Sánchez C I, Niemeijer M, Abràmoff M D, van Ginneken B
Department of Radiology, Radboud University Nijmegen Medical Centre, The Netherlands.
Med Image Comput Comput Assist Interv. 2010;13(Pt 3):603-10. doi: 10.1007/978-3-642-15711-0_75.
The performance of computer-aided diagnosis (CAD) systems can be highly influenced by the training strategy. CAD systems are traditionally trained using available labeled data, extracted from a specific data distribution or from public databases. Due to the wide variability of medical data, these databases might not be representative enough when the CAD system is applied to data extracted from a different clinical setting, diminishing the performance or requiring more labeled samples in order to get better data generalization. In this work, we propose the incorporation of an active learning approach in the training phase of CAD systems for reducing the number of required training samples while maximizing the system performance. The benefit of this approach has been evaluated using a specific CAD system for Diabetic Retinopathy screening. The results show that (1) using a training set obtained from a different data source results in a considerable reduction of the CAD performance; and (2) using active learning the selected training set can be reduced from 1000 to 200 samples while maintaining an area under the Receiver Operating Characteristic curve of 0.856.

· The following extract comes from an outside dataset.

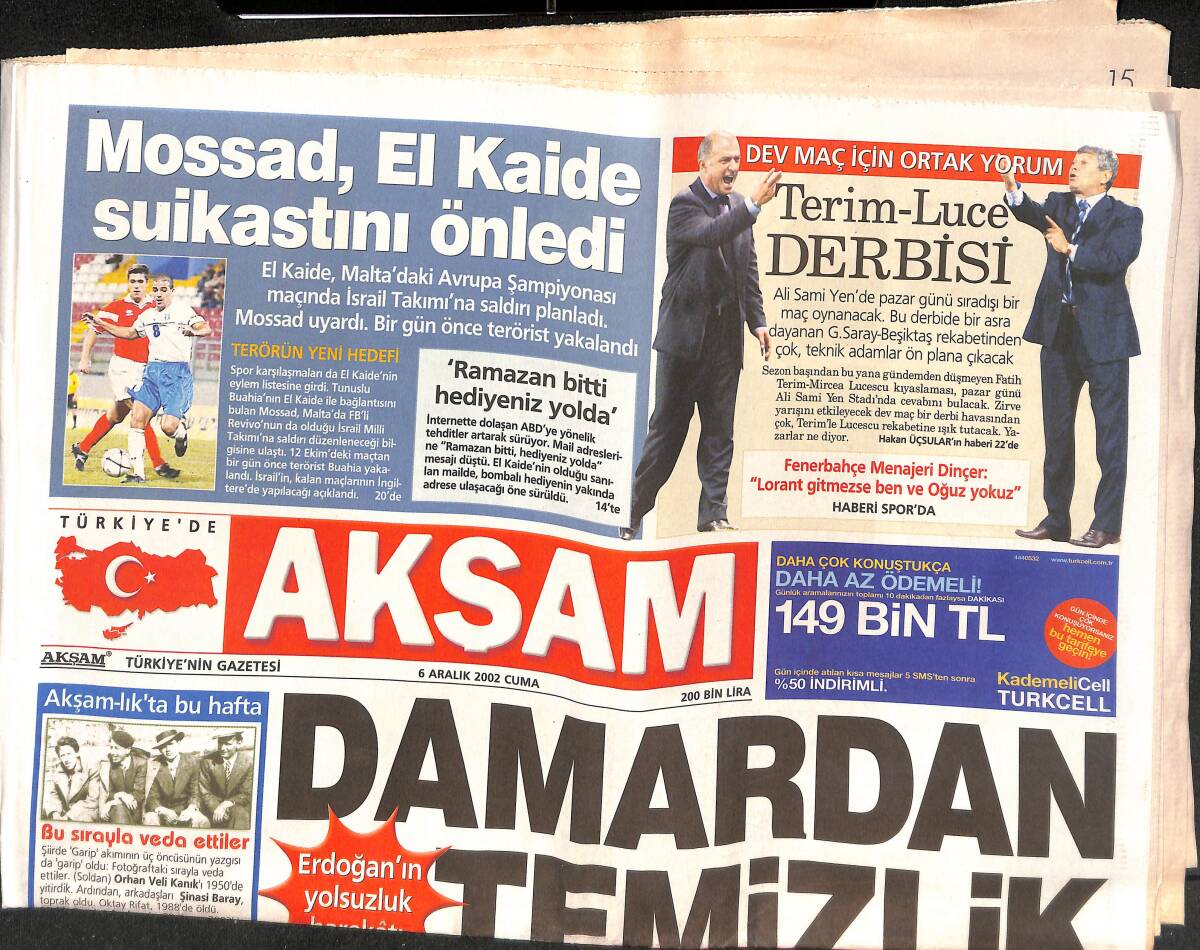 Akşam Gazetesi 6 Aralık 2002 - Terim-Luce Derbisi - Bush Erdoğan'a Güveniyor - Öcalan'ın Avukatları Feribotla Gidecek GZ149427 - 1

计算机辅助诊断(CAD)系统的性能会受到训练策略的很大影响。传统上,CAD系统是使用从特定数据分布或公共数据库中提取的可用标记数据进行训练的。由于医学数据的广泛变异性,当CAD系统应用于从不同临床环境中提取的数据时,这些数据库可能代表性不足,从而降低性能,或者需要更多标记样本才能实现更好的数据泛化。在这项工作中,我们建议在CAD系统的训练阶段采用主动学习方法,以减少所需训练样本的数量,同时使系统性能最大化。我们使用一个用于糖尿病视网膜病变筛查的特定CAD系统评估了这种方法的益处。结果表明:(1)使用从不同数据源获得的训练集会导致CAD性能大幅下降;(2)使用主动学习,选定的训练集可以从1000个样本减少到200个样本,同时保持接收器操作特征曲线下的面积为0.856。